### Task directions
Of the records that follow, copy only the lines from the line containing "Liam Livingstone - England" to the line containing "Dior Women Shoes", both included, exactly as written.
** Data under study follows **
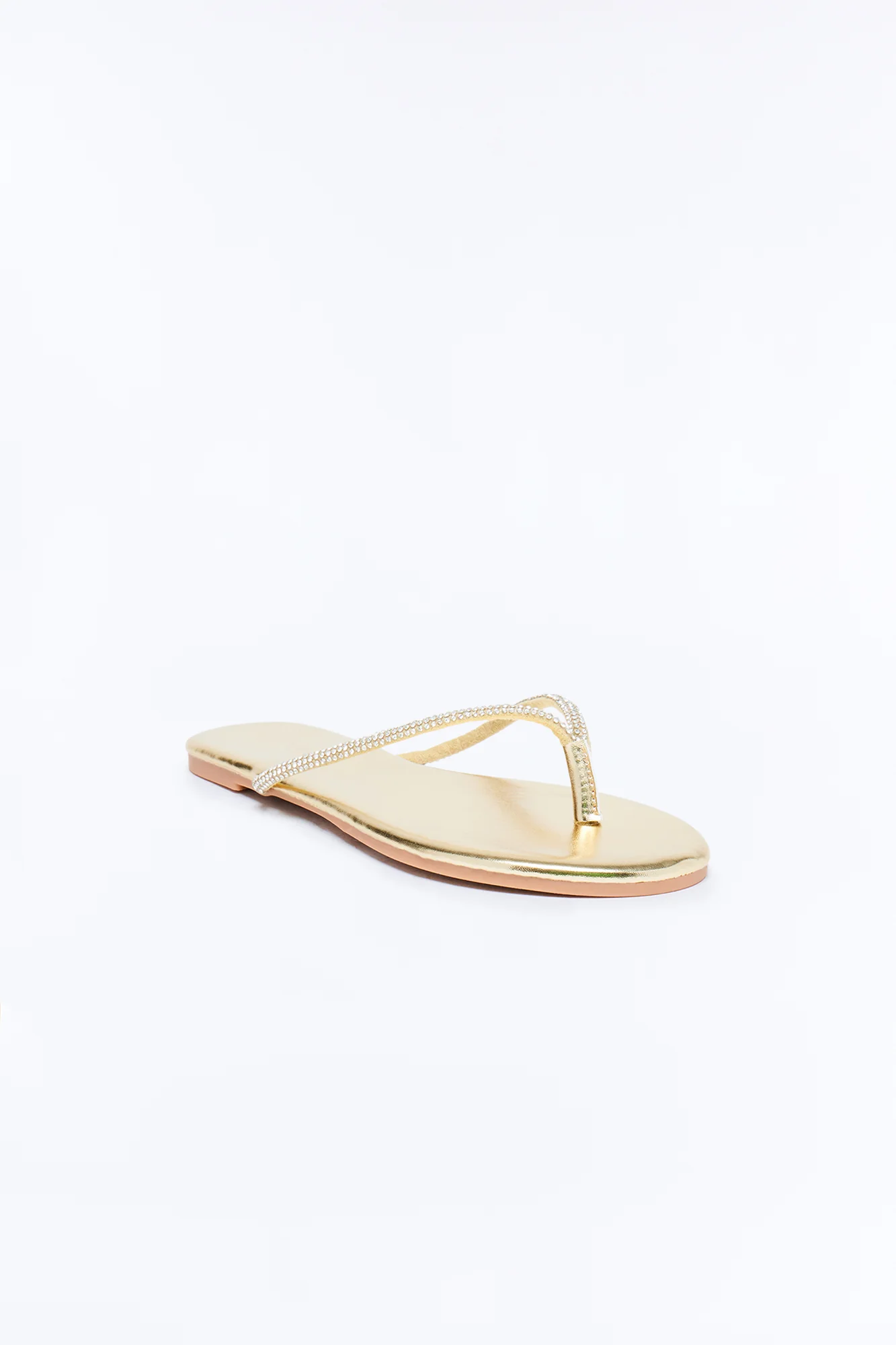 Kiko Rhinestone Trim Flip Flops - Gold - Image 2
** End of Data under study **
** Data under study follows **
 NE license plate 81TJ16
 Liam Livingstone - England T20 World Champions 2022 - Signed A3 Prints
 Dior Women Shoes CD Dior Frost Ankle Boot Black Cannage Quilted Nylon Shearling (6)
** End of Data under study **
### Result of the task
 Liam Livingstone - England T20 World Champions 2022 - Signed A3 Prints
 Dior Women Shoes CD Dior Frost Ankle Boot Black Cannage Quilted Nylon Shearling (6)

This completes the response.